What is Daylight Saving Time?
  • Also called summer time, it is the system for uniformly advancing clocks, so as to extend daylight hours during conventional waking time in the summer months.
  • The practice was first suggested in an essay by Benjamin Franklinin 1784.
  • In countries in the Northern Hemisphere, clocks are usually set ahead one hour in late March or in April and are set back one hour in late September or in October.
What is the use of DST ?
  • Achieve energy efficiency: Increasing focus on energy efficiency due to climate change because of over consumption of energy makes DST relevant.
  • DST is thus an environmentally sustainable concept.
  • To ensure that the clocks show a later sunrise and later sunset in effect ensure a longer evening daytime.
  • DST results in completion of routine work an hour earlier. DST is meant to save energy.
Opposition to DST :
  • On Agriculture: One reason why farmers oppose DST is that grain is best harvested after dew evaporates, so when field hands arrive and leave earlier in summer, their labor is less valuable.
  • Dairy farmers are concerned because their cows are sensitive to the timing of milking, so delivering milk earlier disrupts their systems.
  • A spike in workplace injuries: A study of mining injuries across the U.S, found that there was a spike in workplace injuries of nearly 6 percent on the Monday following the shift to daylight saving time.

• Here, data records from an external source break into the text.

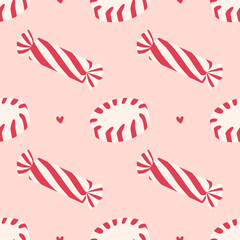 Sweet candy seamless pattern with decorative hearts on pastel pink background. Vector red and white candy and hearts, for background and print on textiles.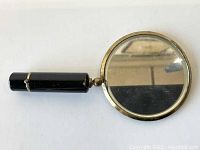 Side view of circular hand mirror with black hinged handle and gold-tone frame on reflective surface.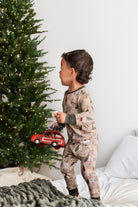 A toddler stands on a bed wearing a beige holiday-themed pajama set with a retro light print, holding a red toy car next to a decorated Christmas tree.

  • On labour and work productivity: Workplace productivity the week after DST drastically decreases. People are tired and lethargic due to a reduction in sleep.

MGNREGA Scheme :

MGNREGA Scheme

Context :

  • According to a Parliamentary Standing Committee report submitted to the Lok Sabha, various issues are hampering the MGNREGA (Mahatma Gandhi National Rural Employment Guarantee Act) scheme.
What are the issues according to the committee ?

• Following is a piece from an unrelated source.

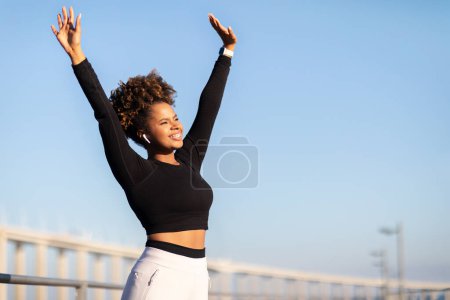 Foto de Estilo de vida activo. Mujer negra feliz en ropa deportiva disfrutando del ejercicio al aire libre, sonriendo a una joven afroamericana con auriculares levantando las manos y mirando la luz del sol, estirándose fuera, Copiar el espacio - Imagen libre de derechos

  • Some of these issues are Fake job cards, widespread corruption, late uploading of muster rolls, huge pending payments for wages and materials and insufficient funding.
  • Genuine labourers are not getting their dues while money keeps changing hands due to collusion of unscrupulous elements surrounding the implementation of scheme at ground level
    • The Committee said that study visits and observations had shown that “rozgar sevaks are in the habit of filling up kachha muster at the start and go to the Block once a week for online uploading of muster-rolls”.

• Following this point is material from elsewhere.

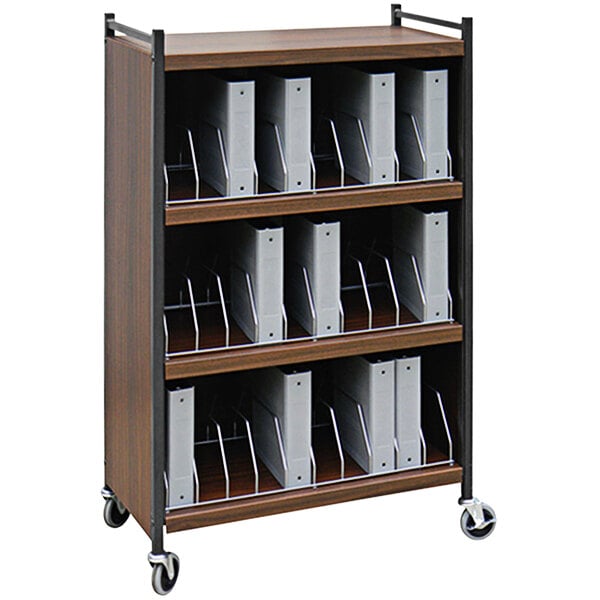 An Omnimed woodgrain medical cart with shelves holding binders.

    • It noted that if the muster-roll is not updated and uploaded within the stipulated time, it could not be backdated, causing a loss in payment.
  • Pending wages amounted to 4,060 crore, while material component payments are pending to the tune of Rs.9,000 crore.
  • The panel found it “alarming” that in such a scenario, the budget estimates for the scheme for 2022-23 were reduced from the 78,000 crore sought by the Department of Rural Development, to Rs.73,000 crore.